Ele conta que começou a se envolver com a dança inclusiva quando conheceu de perto a realidade de uma aluna que tinha uma filha com Síndrome de Down. Desde 1989 ele trabalha com projetos nesta área. “Culminou com as Pára-Olimpíadas de Sidney, em 2000”, lembra Carlinhos, que protesta: “É uma pena que no Brasil não haja incentivos para estes projetos que dão alternativa de participação das pessoas com deficiência.”

“A temática do corpo é uma língua universal”, disse o bailarino Olivier Pascalin, que falou em sua palestra com Lucila Moro sobre “o quanto vale a máquina perfeita que é o nosso corpo”   Foto: Divulgação

“A temática do corpo é uma língua universal”, disse o bailarino Olivier Pascalin, que falou em sua palestra com Lucila Moro sobre “o quanto vale a máquina perfeita que é o nosso corpo” Foto: Divulgação

Dedicação

A bailarina e pedagoga Keyla Ferrari, que coordena o 43º Congresso de Dança Inclusiva da Unesco, espera realizar no próximo ano mais uma edição do congresso em Campinas. “Que seja o primeiro de uma série. Não tivemos patrocínio suficiente, foram poucas parcerias, mas espero que consigamos mais patrocínio.” Ainda em 2016, haverá mais três congressos de dança da Unesco – na Grécia, Estados Unidos e França (o tema na França será deficiência).

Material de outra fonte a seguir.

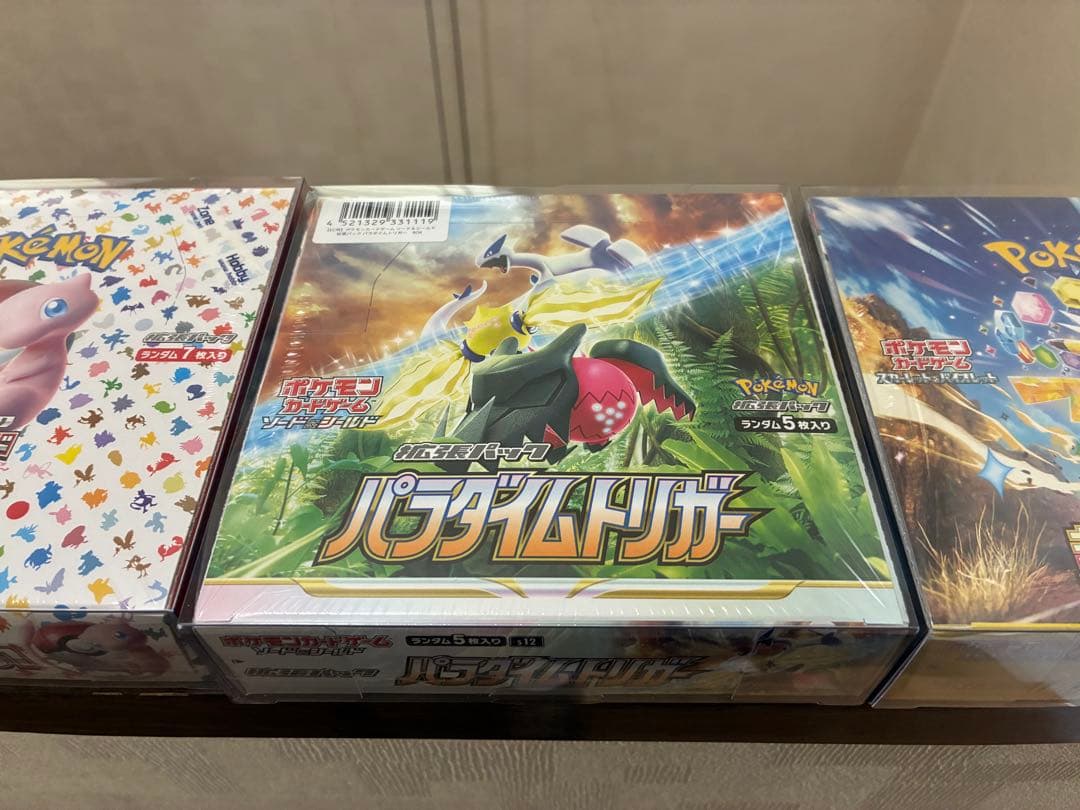 ポケモンカード　5BOX シュリンク付き　ケース付き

Keyla preside o Conselho Internacional de Dança (CID) da Unesco em Campinas e atua na área da arte para pessoas com deficiência há 20 anos.O Congresso tem a gestão da Agencia Internacional de Desenvolvimento Humanitário – Humaniza, que tem como presidente Vicente Pironti. A programação de palestras, que acontece no CIS Guanabara, tem a participação de bailarinos, professores e pesquisadores brasileiros e estrangeiros, que compartilham entre eles suas experiências com diversas formas de dança existentes no mundo.

O evento conta com  a parceria da Secretaria  Municipal da pessoa com deficiência e Mobilidade reduzida de Campinas, Secretaria Municipal de Turismo de Campinas,  CIS Guanabara /Preac/Unicamp, Unisal, Sociedade Humana Despertar, Sinergia  e apoiadores culturais.

 

Evento: 43º Congresso de Dança Inclusiva da Unesco

Locais: Palestras no CIS Guanabara /Preac – Unicamp (durante o dia, evento fechado)

e Teatro da Unisal (Universidade Salesiana São José) Liceu de Campinas (à noite, 19h30, aberto ao público).